El pasado martes falleció la leyenda del rock (esto se dice mucho pero pocos realmente lo son) Eddie Van Halen. Su grupo lanzó el primer álbum «Van Halen» en 1978, que se convirtió en uno de los debuts más exitosos de la historia del rock, vendiendo más de 10 millones de copias, conocidos era sus mastodónticos conciertos, en su momento eran los de mayor despliegue de medios que movían decenas de personal técnico y varios camiones con material.

Como toda banda, Van Halen daba al promotor un contrato que describía las cosas específicas de las que el promotor sería responsable. Este tipo de contratos incluyen requerimientos de sonido e iluminación, instrucciones para el montaje de la zona de bastidores, necesidades de seguridad y peticiones de nutrición para la banda y el equipo. Estos detalles pueden ser tan críticos como el peso exacto de los altavoces o tan triviales como la marca específica de papel higiénico de la banda, aquí a veces hay cosas rarísimas, ya sabemos que las superestrellas son muy maniáticas.

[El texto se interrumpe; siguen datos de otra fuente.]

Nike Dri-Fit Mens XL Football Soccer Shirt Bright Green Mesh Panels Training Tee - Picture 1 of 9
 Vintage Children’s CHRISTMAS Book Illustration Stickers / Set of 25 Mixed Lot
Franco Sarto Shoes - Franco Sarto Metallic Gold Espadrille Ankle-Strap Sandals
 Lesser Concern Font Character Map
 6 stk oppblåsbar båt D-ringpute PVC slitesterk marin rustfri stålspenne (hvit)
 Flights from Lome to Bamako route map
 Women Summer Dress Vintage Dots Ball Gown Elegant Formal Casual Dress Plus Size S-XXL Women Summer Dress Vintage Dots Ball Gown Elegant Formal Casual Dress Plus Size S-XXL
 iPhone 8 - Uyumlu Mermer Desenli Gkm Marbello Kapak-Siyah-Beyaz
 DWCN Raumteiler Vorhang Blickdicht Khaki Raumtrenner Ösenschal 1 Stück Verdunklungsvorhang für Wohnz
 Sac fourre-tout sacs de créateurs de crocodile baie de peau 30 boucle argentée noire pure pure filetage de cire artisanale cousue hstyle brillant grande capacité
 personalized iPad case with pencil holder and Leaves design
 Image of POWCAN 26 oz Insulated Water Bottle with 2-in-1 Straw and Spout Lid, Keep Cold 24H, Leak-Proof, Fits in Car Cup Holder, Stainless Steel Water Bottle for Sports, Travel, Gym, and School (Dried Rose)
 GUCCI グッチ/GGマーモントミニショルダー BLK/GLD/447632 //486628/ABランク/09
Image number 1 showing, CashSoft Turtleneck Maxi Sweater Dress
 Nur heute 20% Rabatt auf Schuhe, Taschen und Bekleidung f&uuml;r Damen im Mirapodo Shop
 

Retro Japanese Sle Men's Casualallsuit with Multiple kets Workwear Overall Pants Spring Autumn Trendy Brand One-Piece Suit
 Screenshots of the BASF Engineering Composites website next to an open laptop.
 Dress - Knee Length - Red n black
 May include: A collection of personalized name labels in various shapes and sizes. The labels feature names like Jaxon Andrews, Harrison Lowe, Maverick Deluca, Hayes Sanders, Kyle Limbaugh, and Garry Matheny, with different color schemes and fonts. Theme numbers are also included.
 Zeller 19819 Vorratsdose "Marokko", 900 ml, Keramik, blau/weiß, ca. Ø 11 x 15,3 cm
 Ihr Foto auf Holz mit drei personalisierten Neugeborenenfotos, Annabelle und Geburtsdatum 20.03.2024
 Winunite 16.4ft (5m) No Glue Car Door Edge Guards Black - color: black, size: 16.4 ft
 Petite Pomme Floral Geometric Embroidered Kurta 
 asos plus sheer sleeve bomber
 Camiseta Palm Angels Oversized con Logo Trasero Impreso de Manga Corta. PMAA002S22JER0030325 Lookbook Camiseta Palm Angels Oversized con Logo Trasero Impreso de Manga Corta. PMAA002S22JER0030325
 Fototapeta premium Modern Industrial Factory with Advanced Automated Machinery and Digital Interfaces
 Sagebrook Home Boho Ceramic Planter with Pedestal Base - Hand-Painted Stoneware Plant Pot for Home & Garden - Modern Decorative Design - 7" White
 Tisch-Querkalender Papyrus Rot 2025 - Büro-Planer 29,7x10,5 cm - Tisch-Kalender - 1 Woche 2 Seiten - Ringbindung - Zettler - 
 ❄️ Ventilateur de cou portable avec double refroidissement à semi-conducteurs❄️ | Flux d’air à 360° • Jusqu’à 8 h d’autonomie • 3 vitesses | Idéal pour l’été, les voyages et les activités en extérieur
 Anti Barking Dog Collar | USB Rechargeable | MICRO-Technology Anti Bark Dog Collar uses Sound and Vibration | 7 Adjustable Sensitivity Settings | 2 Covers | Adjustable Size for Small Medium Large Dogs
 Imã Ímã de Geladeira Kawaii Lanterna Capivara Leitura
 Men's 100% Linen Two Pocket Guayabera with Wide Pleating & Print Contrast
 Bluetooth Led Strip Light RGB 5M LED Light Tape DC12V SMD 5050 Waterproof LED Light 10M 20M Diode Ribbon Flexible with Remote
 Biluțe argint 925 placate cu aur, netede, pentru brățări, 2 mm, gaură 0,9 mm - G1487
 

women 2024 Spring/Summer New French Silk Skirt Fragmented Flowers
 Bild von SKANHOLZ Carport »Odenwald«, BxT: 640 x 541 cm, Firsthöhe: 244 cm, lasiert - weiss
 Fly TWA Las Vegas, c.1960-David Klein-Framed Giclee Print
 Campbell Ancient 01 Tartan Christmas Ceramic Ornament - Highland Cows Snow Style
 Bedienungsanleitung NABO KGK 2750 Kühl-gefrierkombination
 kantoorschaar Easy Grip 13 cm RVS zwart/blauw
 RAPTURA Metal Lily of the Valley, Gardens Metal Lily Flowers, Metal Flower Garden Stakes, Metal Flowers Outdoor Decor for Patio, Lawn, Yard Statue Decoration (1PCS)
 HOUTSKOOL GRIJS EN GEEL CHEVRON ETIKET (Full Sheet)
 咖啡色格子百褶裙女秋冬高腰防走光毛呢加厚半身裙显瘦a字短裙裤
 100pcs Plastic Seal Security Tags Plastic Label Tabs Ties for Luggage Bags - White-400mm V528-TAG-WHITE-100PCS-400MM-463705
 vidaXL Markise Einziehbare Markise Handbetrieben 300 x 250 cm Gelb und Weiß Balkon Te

Enterrado entre docenas de puntos en el contrato de Van Halen había una extraña petición y es que tenía que haber M&Ms pero ninguno marrón en bastidores, si la banda se encontraba solamente uno podía cancelar todo el concierto a costa del promotor. Eso significaba que por un diminuto M&M el promotor podía perder millones.

Durante décadas esto fue casi un caso humillante, una banda de rock obligando a alguien a buscar entre los caramelos, quitando hasta el último caramelo marrón, sin razón aparente. Sin embargo,  el cantante David Lee Roth finalmente contó la verdadera razón de la extraña cláusula que  sirve como una valiosa lección para los negocios.

Para asegurarse de que el promotor había leído cada una de las palabras del contrato, la banda creó la cláusula de «no a los M&M’s marrones». Era «un canario en la mina» que le podía alertar de que el promotor podría no haber prestado atención a otras partes más importantes del contrato y que podría haber otros problemas más grandes que un mísero caramelo.

Cuando la banda una encontró una vez M&M’s marrones en un concierto, David Lee Roth enfurecido destrozó el camerino, inmediatamente hicieron un chequeo completo del cableado, inspeccionando cada aspecto del sonido, la iluminación y el montaje del escenario para asegurarse de que era perfecto. David Lee Roth también destrozaba el camerino de la banda para reforzar su reputación e indicar que los M&Ms eran algo muy serio.

Van Halen creó una cláusula aparentemente tonta para asegurarse de que cada pequeño detalle fuera cuidado. Era importante, tanto para la experiencia de los fans como para la integridad de la banda, asegurarse de que los pequeños problemas no creasen problemas mayores.

Cada uno tenemos nuestro «canario en la mina» o manías que nos indican si una empresa o una persona es de fiar, que son pequeño detalles que pueden indicar mucho, desde una dirección de email ¿Contratarías a alguien con un correo del tipo cachondo69@hotmail.com? hasta un tatuaje, pasando por un inocente Tuit o el tipo de letra de una presentación (yo jamás contrataría una empresa que me presentase sus servicios en Comic Sans Seriff). Otro ejemplo muy común son las faltas de ortografía, la más mínima puede desmontar el mejor de los argumentos.

Estos pequeños detalles pueden parecer triviales, pero como demuestra Van Halen, pueden esconder algo mucho más gordo.